1

I am hitting .aspx pages via httpclient - C#. So in response, we get the redirected pages. Below mentioned is the part of that response, How can I retrieve the highlighted values and store them in the model.

    <div id="SchoolInfo">
    **ABES School** (**13895**)<br/>Tel (987) 334 5533  <br />
    <form name="form2" id="form2" method="post">
        <input type="hidden" name="MyTargetID" id="MyTargetID" value="" />
        <input type="hidden" name="MyArgument" id="MyArgument" value="" />
        <input name="dcb46ec8-be16-4932-8a01-49cd075271a6$hdnOldSelection" type="hidden" id="dcb46ec8-be16-4932-8a01-49cd075271a6_hdnOldSelection" value="73400" />
    Switch School Year:
        <select name="dcb46ec8-be16-4932-8a01-49cd075271a6$ddlSwitchSessionYear" id="dcb46ec8-be16-4932-8a01-49cd075271a6_ddlSwitchSessionYear" onchange="confirmsessionchange(this);">
        <option selected="selected" value="**73400**">**2020-2021**</option>

School Year : 2020-2021 School ID : 73400 School Code : 13895 School Name : ABES School

  • Since you're essentially _scraping html_ then **parse the html** (use a [library](https://html-agility-pack.net/), [not regex](https://stackoverflow.com/a/1732454/304683)) to get the data you want. – EdSF Jul 08 '20 at 21:01

1 Answers1

0

To retrieve data from html document you can use Html Agility Pack.

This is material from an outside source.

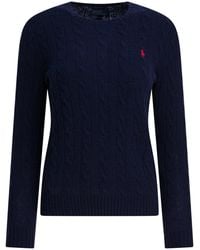 Polo Ralph Lauren - Crew-Neck Sweater With Logo Made Of Wool And Cashmere - Lyst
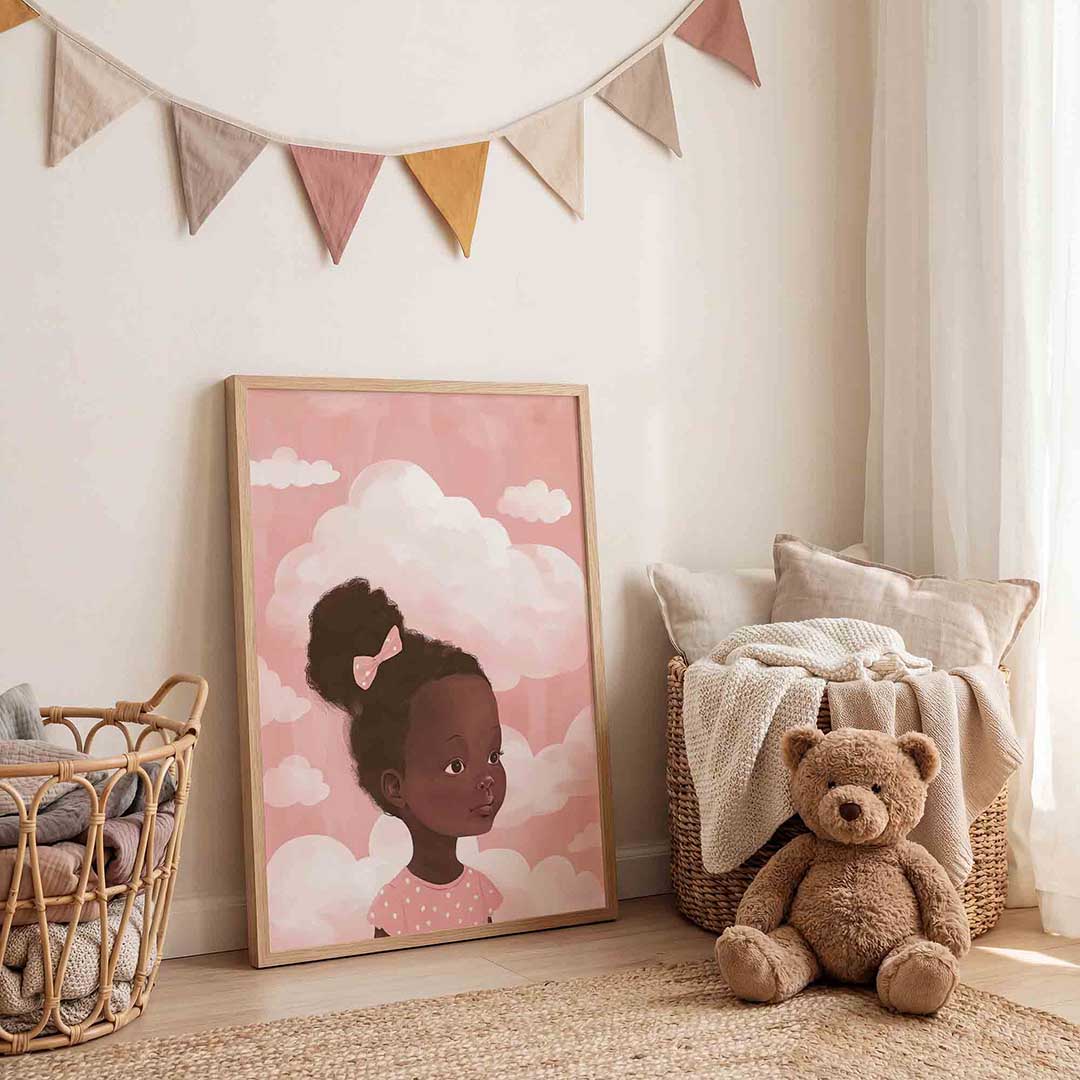 Meisje met wolken Poster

Your code will look like this:

var html = @"http://html-agility-pack.net/";
HtmlWeb web = new HtmlWeb();
var htmlDoc = web.Load(html);
var node = htmlDoc.DocumentNode.SelectSingleNode("//div[@id='SchoolInfo']");
...

Then you should play with selectors and go deeper to another nodes.

Finally, to retrieve School Name + School Code and School Year you will need InnerText property of node. In your example they are stuck together, so looks like you are going to need to divide them. To do so, use regular expressions.

To retrieve School ID you may use GetAttributeValue method of node.